Often, one wants to show two or more plots side by side to show different aspects of the same story in a compelling way. This is the scenario that patchwork was build to solve. At its heart, patchwork is a package that extends ggplot2’s use of the + operator to work between multiple plots, as well as add additional operators for specialized compositions and working with compositions of plots.
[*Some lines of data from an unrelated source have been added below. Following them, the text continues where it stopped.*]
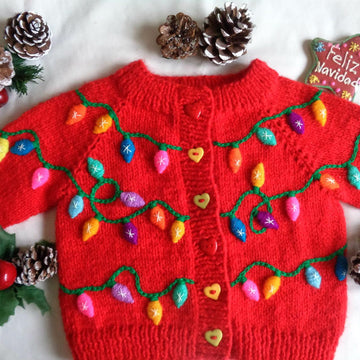 Christmas Lights Cardigan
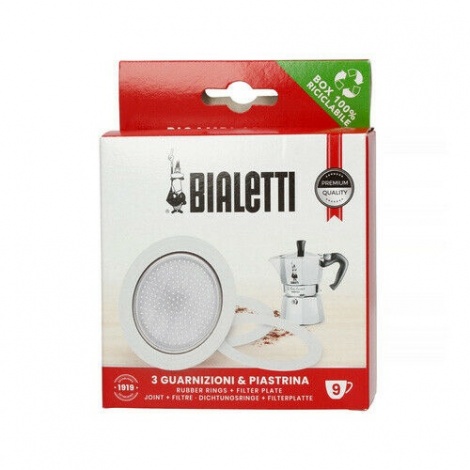 Etanșare aparat de cafea Bialetti din aluminiu 9 cești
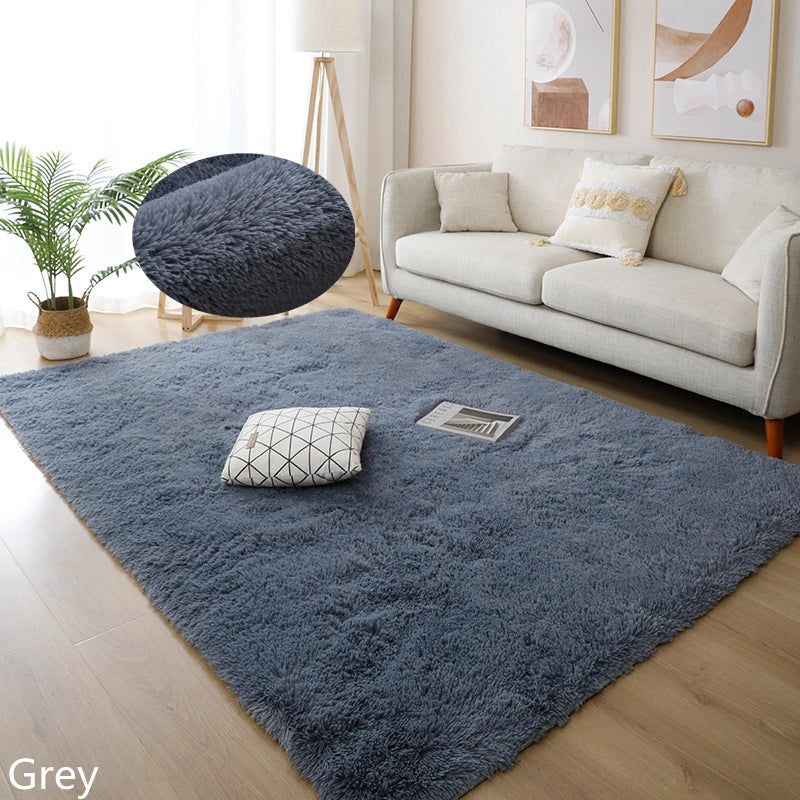 Navak Carpet White Fluffy Hall Carpet Modern Living Room Bedroom Home Decor Large Mats Thickened Non-Slip Girl Children's Room Pink Furry Rug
As an example of the most basic use of patchwork, we’ll use the following 4 plots of the mpg dataset.
library(ggplot2)
p1 <- ggplot(mpg) +
geom_point(aes(x = displ, y = hwy))
p2 <- ggplot(mpg) +
geom_bar(aes(x = as.character(year), fill = drv), position = "dodge") +
labs(x = "year")
p3 <- ggplot(mpg) +
geom_density(aes(x = hwy, fill = drv), colour = NA) +
facet_grid(rows = vars(drv))
p4 <- ggplot(mpg) +
stat_summary(aes(x = drv, y = hwy, fill = drv), geom = "col", fun.data = mean_se) +
stat_summary(aes(x = drv, y = hwy), geom = "errorbar", fun.data = mean_se, width = 0.5)
library(patchwork)
p1 + p2
+ does not specify any specific layout, only that the plots should be
displayed together. In the absence of a layout the same algorithm that
governs the number of rows and columns in facet_wrap() will decide the
number of rows and columns. This means that adding 3 plots together will
create a 1x3 grid while adding 4 plots together will create a 2x2
grid.
Motive of the Graphs: * Overall Purpose: To explore and compare characteristics of cars in the mpg dataset. Left plot: Shows the relationship between engine size and fuel efficiency. Right plot: Compares the number of car models by drive type across two different years. Why these plots together? They provide a quick overview of both continuous relationships (engine size vs. fuel efficiency) and categorical distributions (drive type by year) in the dataset. This helps in understanding trends in car design and technology over time, and how they relate to fuel efficiency and drivetrain choices.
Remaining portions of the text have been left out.